The time was, Mr. Remington, when persecution and blood. shed, and all the horrors of the stake and the Inquisition, were thought consistent with humanity, and with the religion of him who died for his enemies and persecutors. The time was when the hanging of witches was believed to be a good and pious work. The time was, too, when a faith in election and reprobation was essential to orthodoxy, and when infant damnation was preached as a godly and edifying doctrine. We now look back on those times with wonder, and deem it strange that man could be so ignorant or so infatuated. But the time has not yet come, though it is rapidly approaching, when the doctrine of endless misery, which is now so generally believed and so highly esteemed, and thought so very essential to the christian faith and christian character, shall have taken its place among the abominations of by-gone days, and christians will wonder at its former prevalence as we do now at the horrors of the dark ages! As ever yours,

THOMAS J. SAWYER.

LETTER XVII.

Dear Sir-I now pass to the consideration of your third lecture, in which you contrast "the gift of God which is eternal life, with the wages of sin which is death."

After alluding to the horrible miseries which await the sinner in a future state, and which you have so abundantly proved in your preceding lectures, you are pleased to say-" But fearful and dreadful as will be the condition of all such as die in their sins, yet there is no necessity for a soul's perishing, for God has made an ample provision for our salvation." You then add divers scraps of poetry, setting forth in glowing colors the goodness and love of God, and the anxiety he feels for the happiness of the human race.

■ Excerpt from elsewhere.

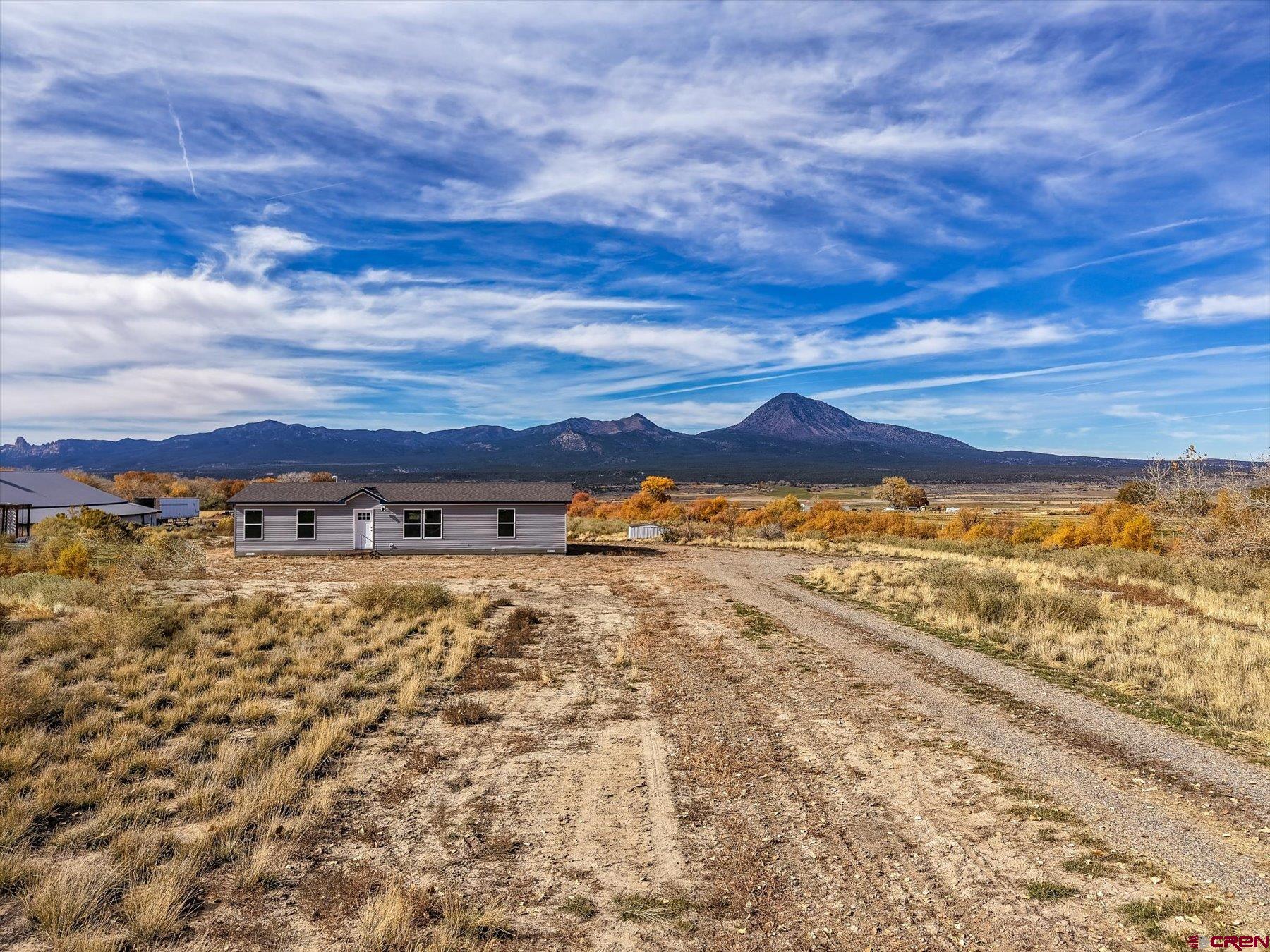 2229 Highway 160 Cortez, CO 81321 - Photo 25 of 32 a view of a large body of water with lots of buildings in the background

This is certainly very well, but you must allow me to doubt whether it is any thing better than mere declamation, and employed most incongruously with the whole tenor and spirit of your system. With all your free agency, you have no be lief in man's ability to turn himself, and, unaided by revelation and the accompanying spirit of God, to work out his own salvation. Now you cannot be ignorant that four thousand years of idolatry and darkness passed away before the true light shined upon the world; and that during this period almost countless millions of human beings lived and died, not only destitute of "the means of grace," but even of the knowledge of the only living and true God. Since the christian era, in like manner, the number of those who have had the offers of the gospel have constituted but a very small portion of the world, and even now only about one fourth part of the inhabitants of the earth know any thing of christianity and the way of salvation. All the rest, with the whole race who lived before Christ, one little people alone excepted, must necessarily go down to hell! According to this, your theory, perhaps one in a thousand of those who have already lived, may be

saved, and not more than one in five hundred has even had the slightest opportunity

"To 'scape from hell and fly to heaven."

And yet the pastor of the Willet street church tells us with all becoming gravity, that “there is no necessity for a soul's perishing!"—that "we need not die. The water of life is abun

dant.

'Its streams the whole creation reach,
So plenteous is the store!'"'

Astonishing, indeed, is such language in the lips of one who knows, or who ought to know, that it contains scarcely a semblance of truth. What is it but something worse than folly, to assert that God is not willing that any should perish, while at the same time it is acknowledged that Jesus Christ is the only name under heaven given among men whereby a soul can be saved, and yet that millions of millions have died in their sins without ever hearing or having the possibility of hearing that name?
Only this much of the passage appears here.